By this time, Eritreans were already making the trip to Libya, where smugglers ferried them across the Mediterranean to Italy. They began to arrive in Israel in 2006; some interviewees have told me that they went to Israel after they’d waited for months in Libya, only to give up on getting to Europe.

“What will be the future of the country [if everyone leaves]?” Atsbha asks. “We, as a people, will have a very ominous future.”

He worried about the fate of his parents and six siblings, who remain in Eritrea. He also thought about his “ancestors,” he says. “I have the land where I was born that I was given by God.”

In 2012, Atsbha decided to return to Africa. Because it was too dangerous for him to enter Eritrea, he went to Ethiopia. There, he got involved in the Eritrean Youth Solidarity for National Salvation, which was founded in the same year; it later changed its name to the Eritrean Solidarity Movement for National Salvation in order to broaden its appeal.

Today, the movement is trying to strengthen its network between those in Ethiopia and other nearby countries and “clandestine organizations” in Eritrea. But Atsbha admits that it’s impossible to overthrow the regime from the inside at this point. So the first step, he argues, is to get the Eritrean diaspora organized.

It’s no short order. Since they began to leave the country in large numbers around 2000, Eritreans have fanned out across the globe. Various opposition movements have sprung up; Atsbha puts the number at 17. These groups must be unified, he says, under a clear goal—a lesson they could learn, perhaps, from the Palestinian struggle, which does not have one crystallized aim and is plagued by internal conflicts.

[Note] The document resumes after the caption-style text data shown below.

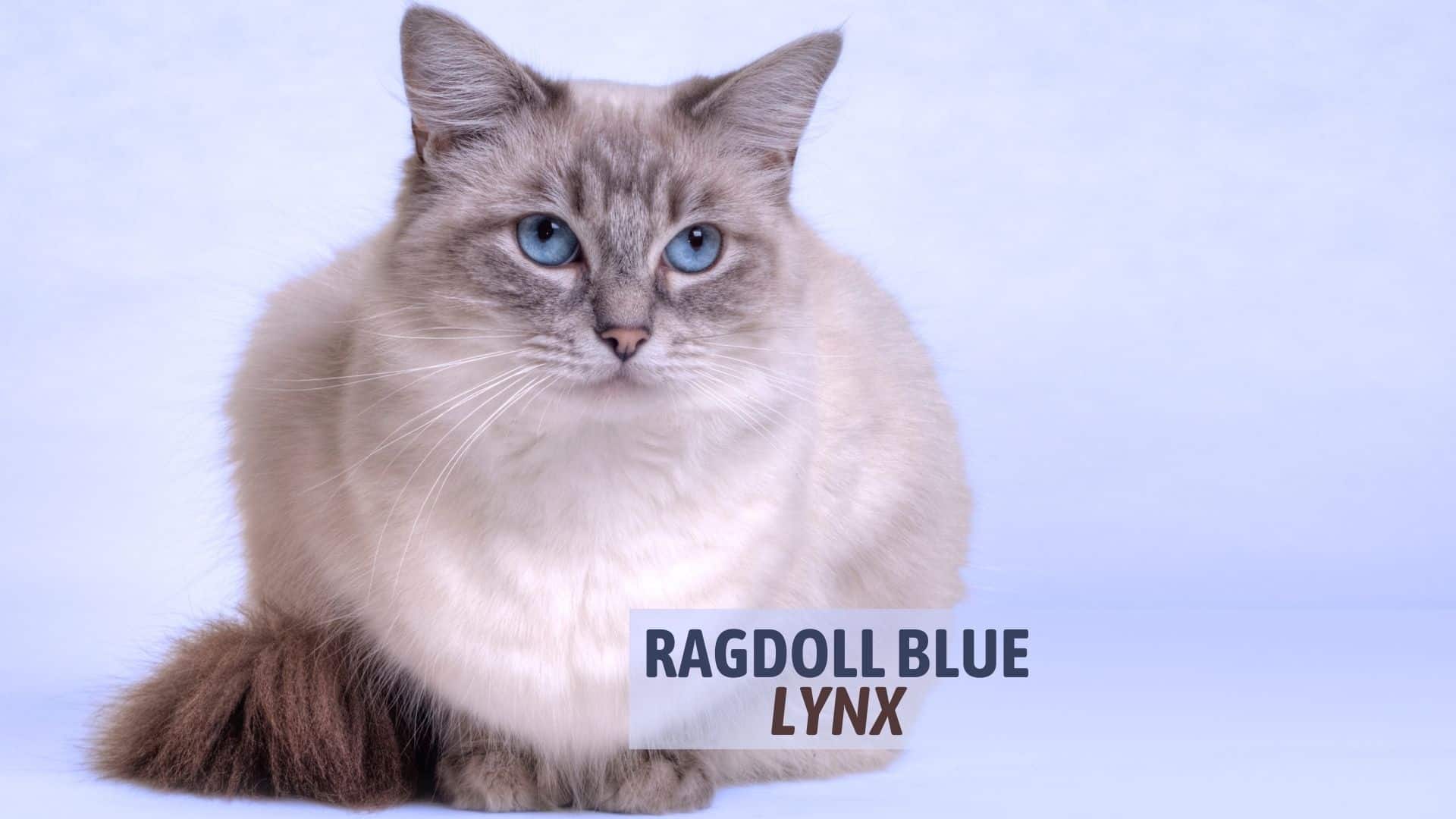 ragdoll blue lynx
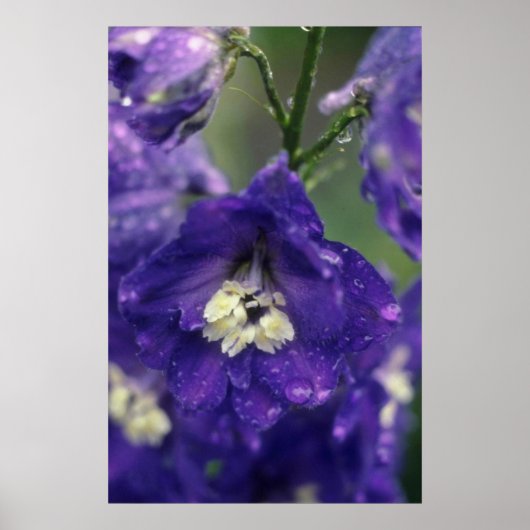 Poster Fleurs de larkspur (Hybride de Delphinium) (Devant)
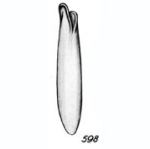 Lagena bursiformis Buchner, 1940
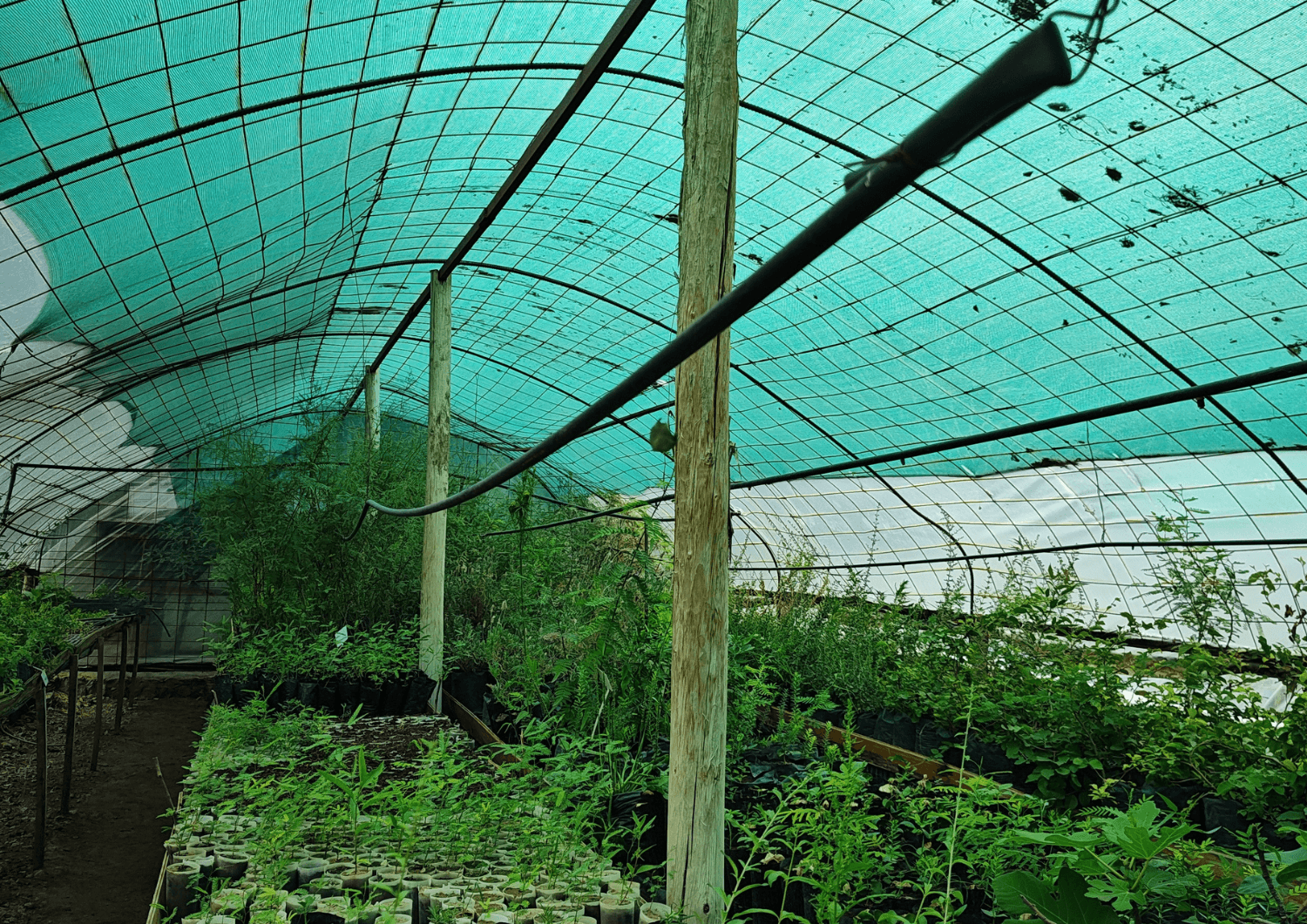 Plantines nativos del Vivero Forestal San Rafael en el Complejo Cerro Uritorco
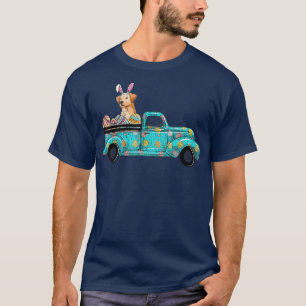 Camiseta Felz pascoa Cachorro Coelho Cachorro Labrador Ovos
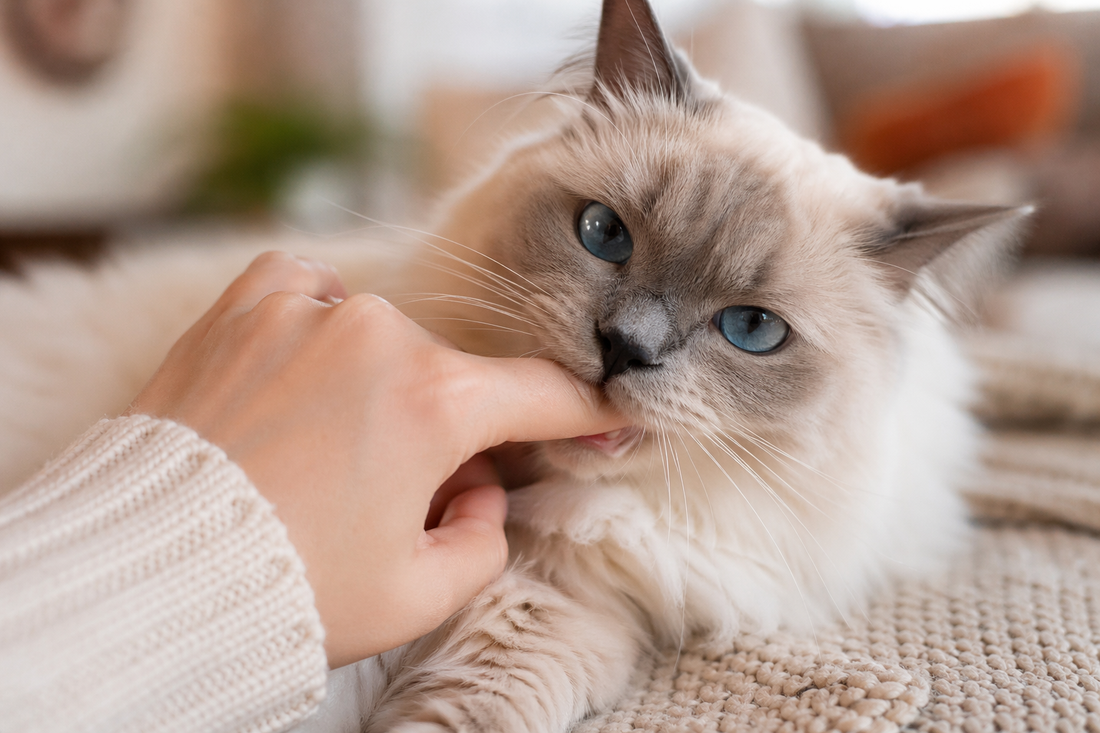 Why Does My Cat Nibble Me? What Love Bites Really Mean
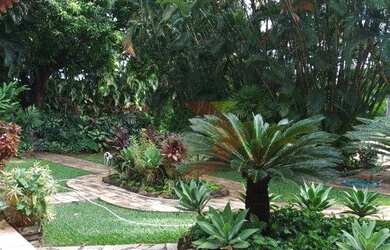 Imagem 11: MANSÃO PARA ALUGAR, 9.730M2 SETOR COIMBRA, GOIÂNIA - GO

The organization also aims to raise awareness about Eritreans’ plight through various nonviolent means, including seminars, workshops, and demonstrations; they hope that this will cause the international community to put diplomatic and political pressure on Afwerki to step down.

Ultimately, resources from the diaspora must be pooled so that the opposition movements can “gain…the necessary equipment for the revolution,” Atsbha says. “The sharpest…edge of any struggle is armed struggle.”

“But that’s not our choice,” he’s quick to add. “That’s a final resort.”

In some respects, the group’s efforts are reminiscent of the Palestine Liberation Organization’s in its early days. And just as the Palestinian struggle was—and continues to be—often misunderstood, so is the situation in Eritrea.

“Right now, the international community doesn’t recognize the exact cause [of people’s leaving Eritrea]. Some of them, they see it as an economic case…. others say it’s the endless military conscription,” Atsbha reflects. “What makes them leave the country in such numbers and risk their life? It’s a question of liberty. It’s a question of political rights.”